The people familiar with the matter said the case could be brought before a US federal court by the weekend. But the US Department of Justice has not yet commented on this. Google also declined to comment.
The lawsuit will be the second antitrust action launched against Google by the US Department of Justice. Google currently holds the top spot in the $278.6 billion (currently about RMB 1.89 trillion) US digital advertising market and controls most of the market.
The lawsuit will also be the fifth major lawsuit launched by the US government against Google’s business model. Three other lawsuits have been filed against Google by US state attorneys general alleging that the company’s dominance in search, advertising technology and Android violates US antitrust laws.
According to market research firm eMarketer, Google ranks first in the $626.86 billion (currently about RMB 4.25 trillion) global digital advertising market, of which the US also has the largest share.
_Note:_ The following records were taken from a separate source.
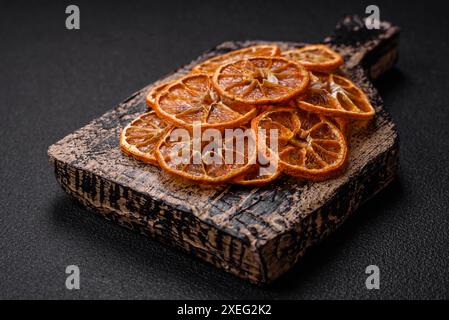 Tranches rondes séchées de mandarine, d'orange ou de citron sur fond de béton foncé Banque D'Images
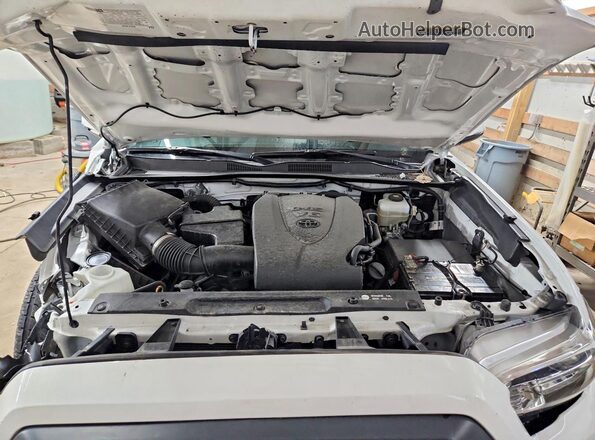 3TMCZ5AN2KM208598 2019 TOYOTA TACOMA White Vista interior trasera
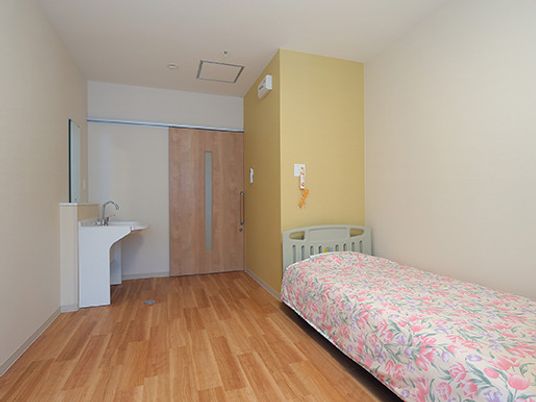 車いす対応の洗面所が付いたフローリングの部屋には寝具付きのベッドが置かれ、緊急通報装置もある。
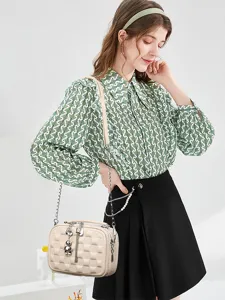 Details of the stylish spring grid soft leather crossbody bag with chain and cute bear pendant.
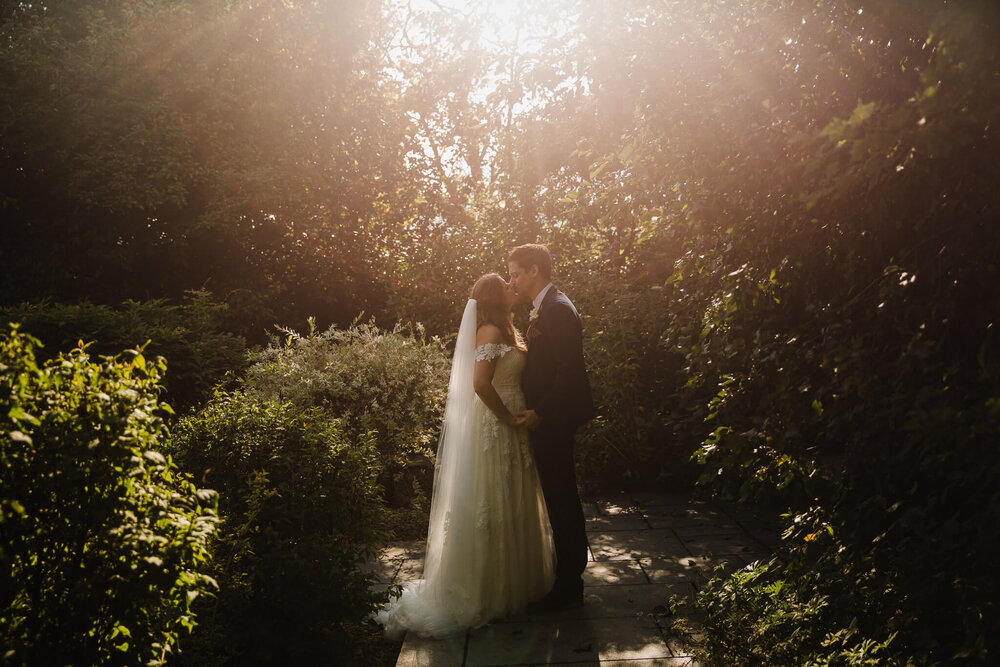 wide angle sunset kiss of bride and groom together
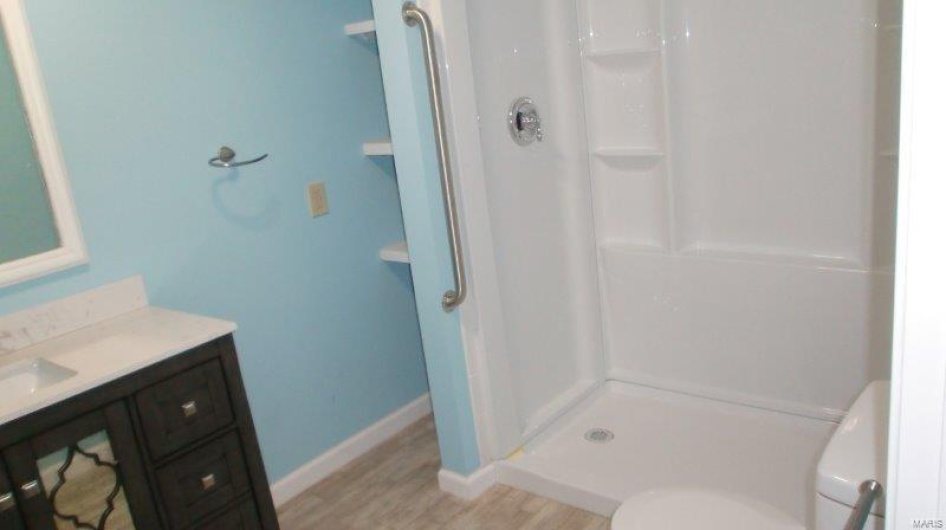 Bathroom featuring a shower, wood-type flooring, vanity, and toilet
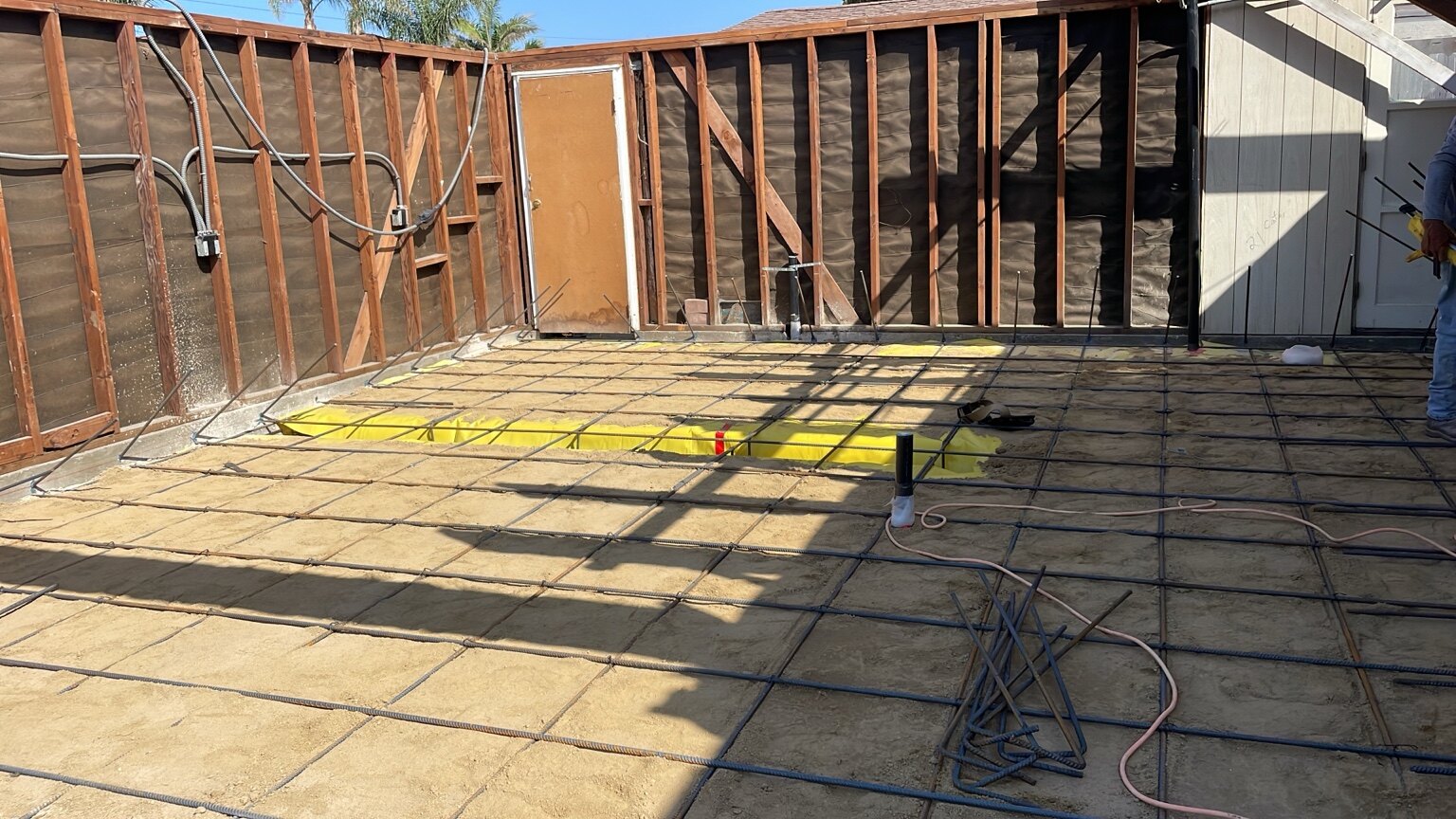 Reinforcing steel and utility preparation for a garage conversion ADU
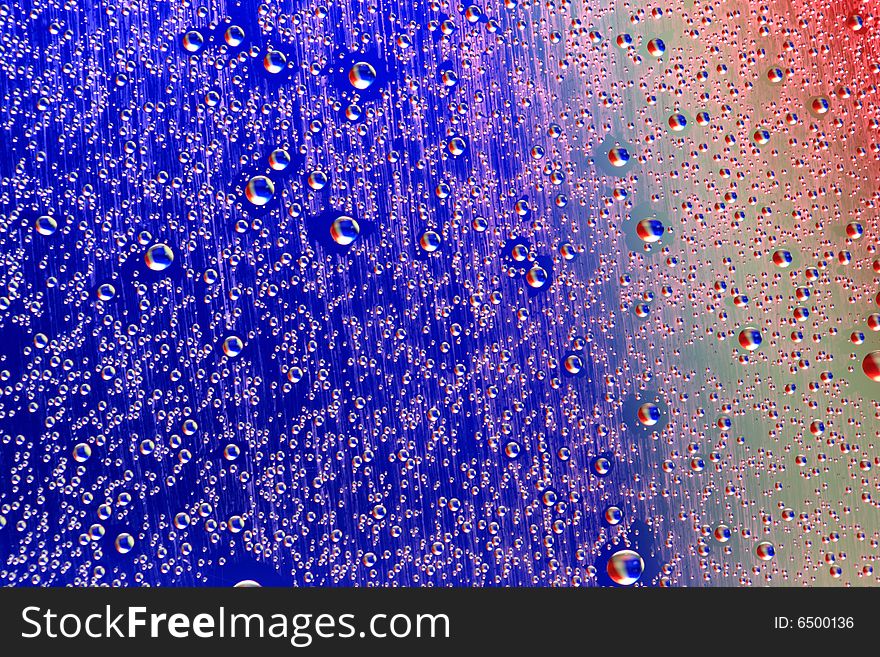 Drops of water on a blue, lila background. Drops of water on a blue, lila background.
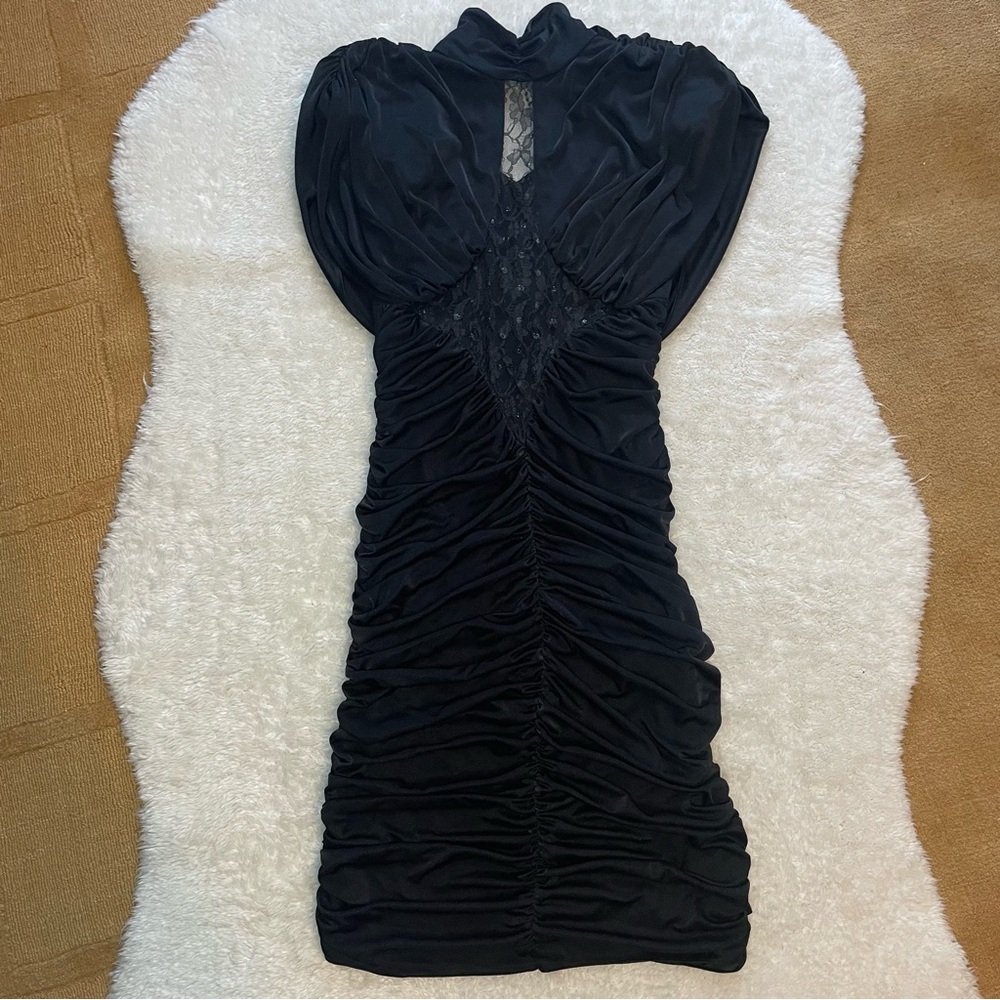 Filigree bodycon silky ruched black midi cocktail dress with lace panel and cape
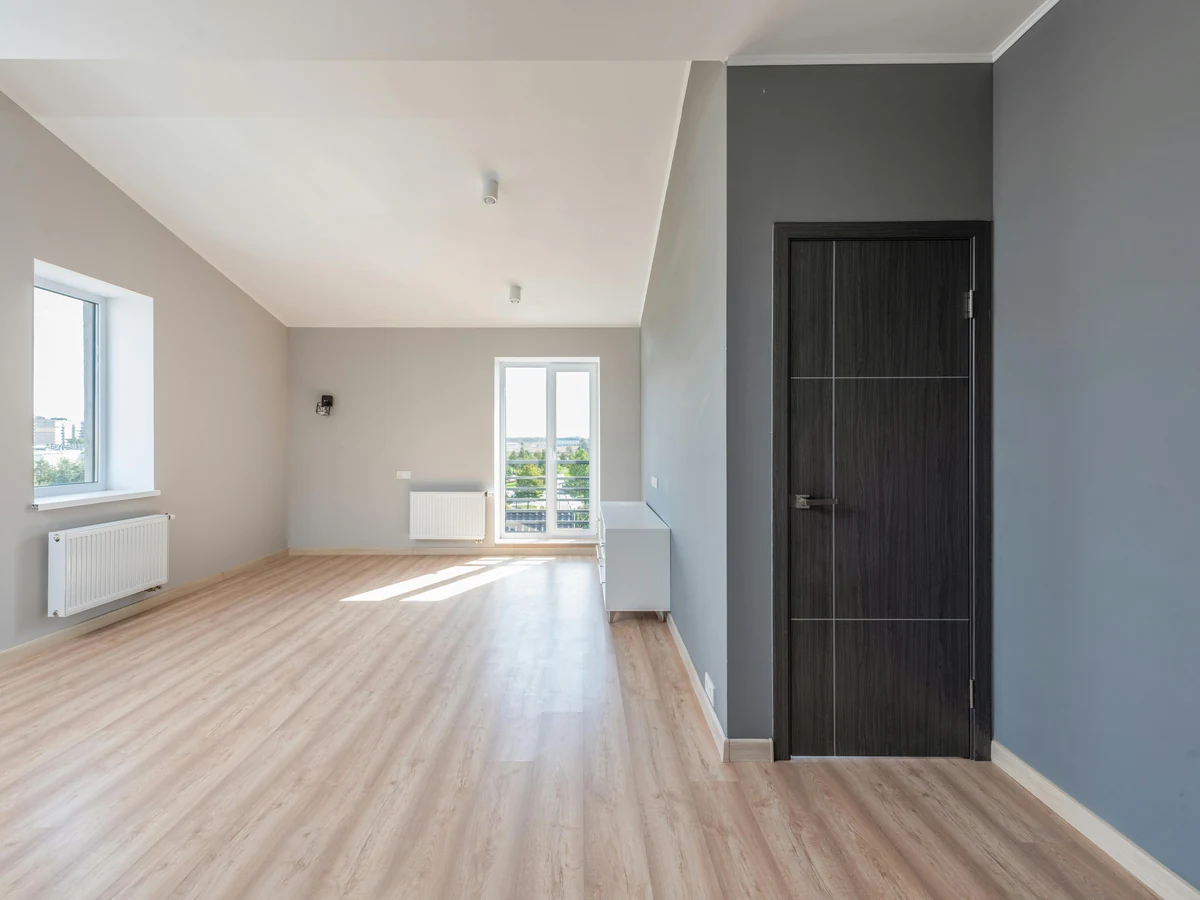 Empty room painted grey by Cheltenham Decorators in Tewkesbury
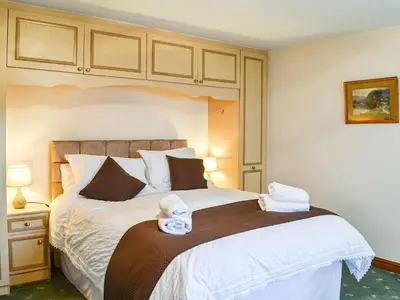 a bedroom with a large bed with towels on it at Priory Barn in Burscough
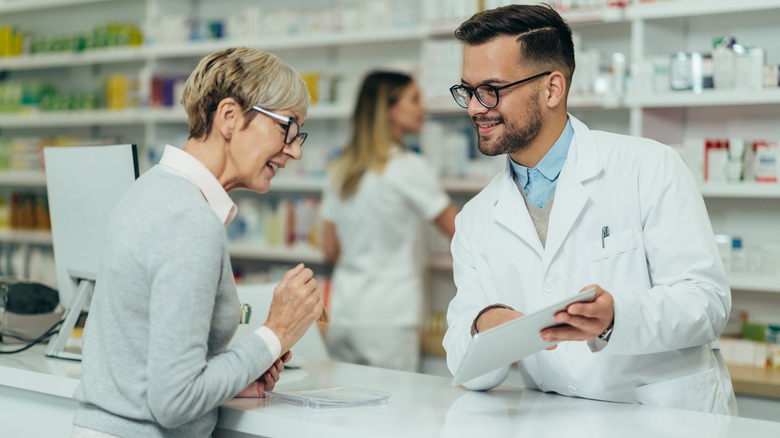 pharmacist talking with patient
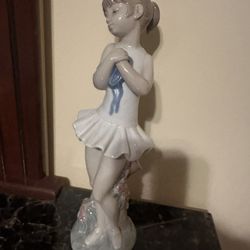 This porcelain ballerina figurine is a Nao by Lladró piece, often titled "Illusion de Ballerina" or "Ballet Girl". 11.5"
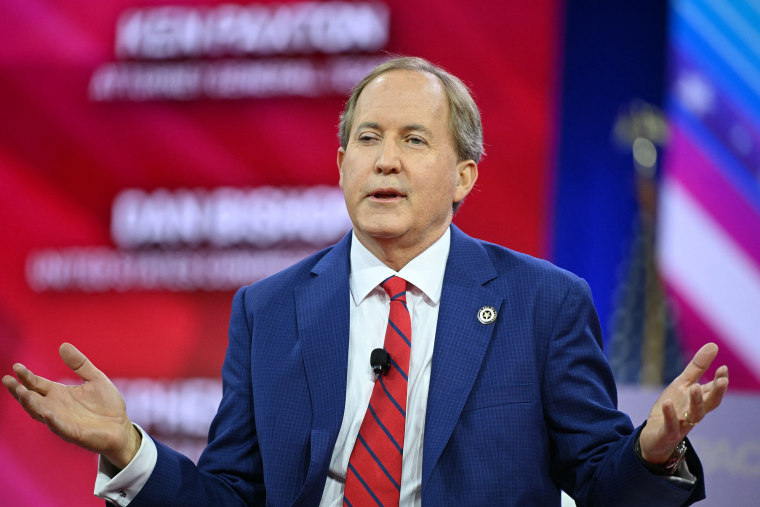 Ken Paxton gestures while speaking.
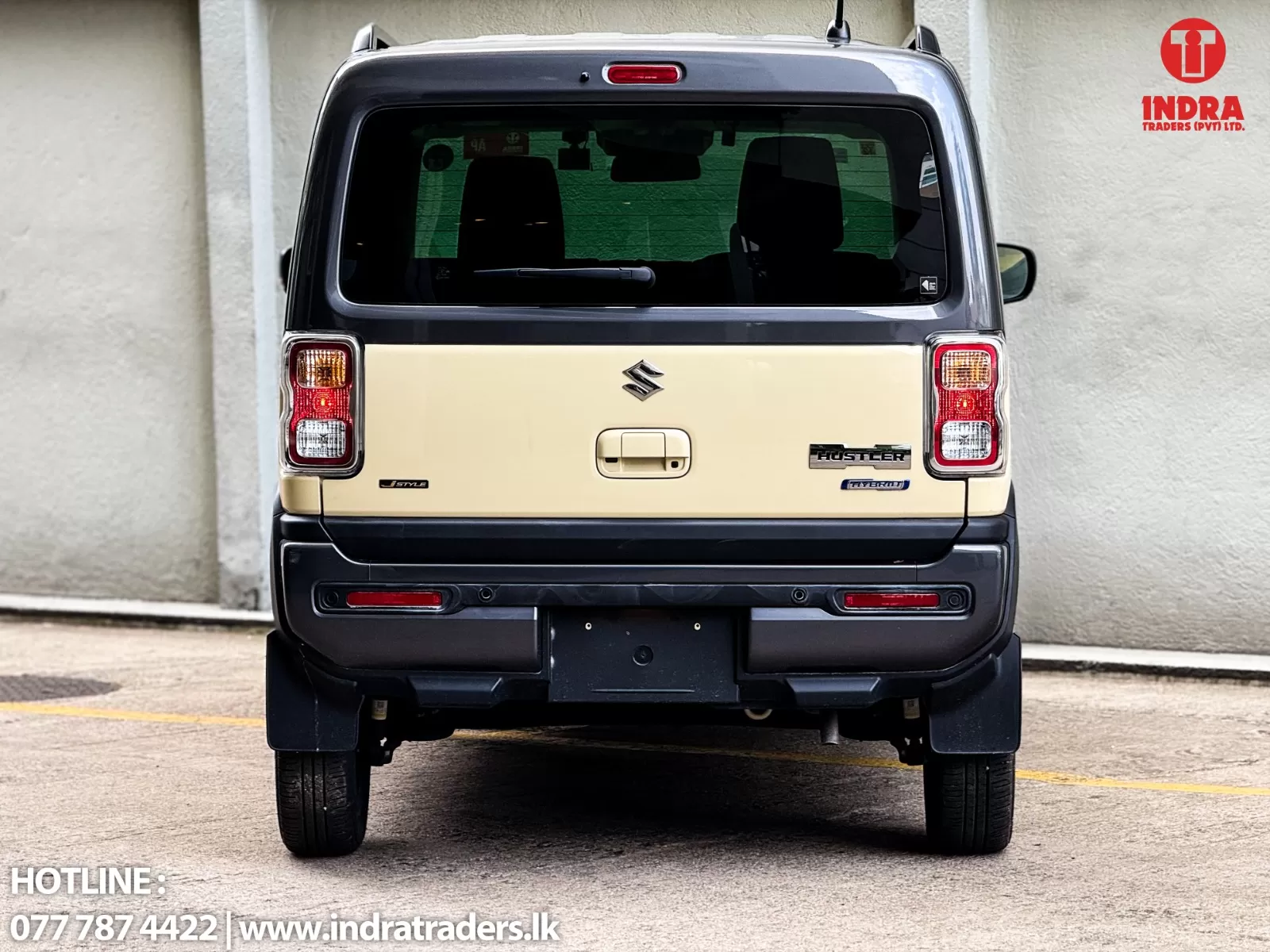 Rear view of a Suzuki Hustler Hybrid SUV with beige rear panel and black bumper; dealership watermark in top-right reads INDRA TRADERS (PVT) LTD.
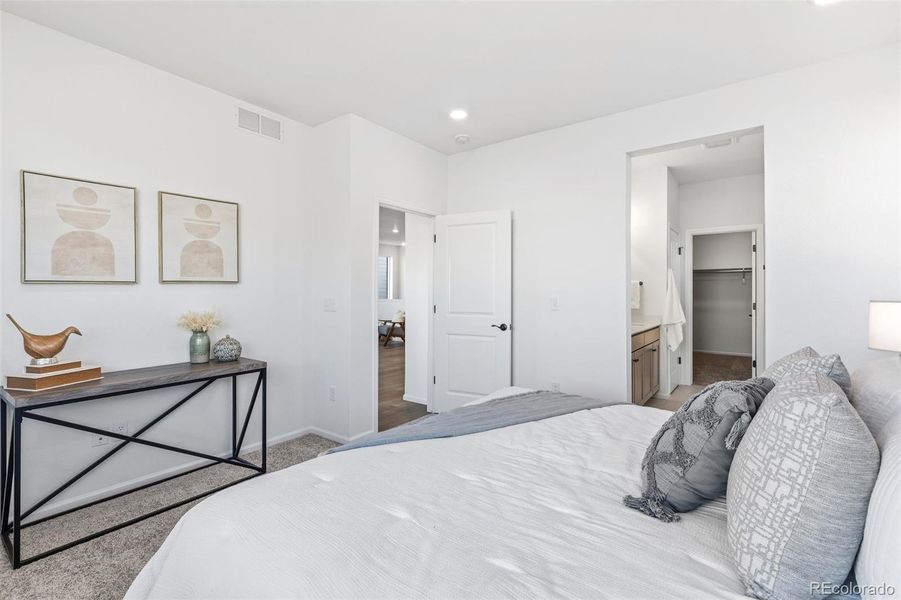 Furnished interior view inside a new home in The Cottages Collection at Ridgeline Vista, Brighton (Image 30).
Google’s parent company Alphabet’s advertising business is expected to generate $73.8 billion (currently about RMB 500.364 billion) in US digital advertising revenue by 2023. Google offers ad-buying services for marketers and ad-selling services for content publishers, as well as creating a quick bidding platform for both parties.
Google has previously stated that the online advertising market is very crowded and highly competitive. In court filings and testimony provided to the US Congress, they said that technology companies, including Amazon, Meta and Microsoft, were significant competitors.
The US Department of Justice began an examination of Google’s dominance of the advertising technology market back in the previous US administration. But the DOJ at the time chose to sue Google’s search business, accusing the company of using exclusive distribution agreements with mobile operators and handset manufacturers to crowd out competitors. The case is due to go to trial in September.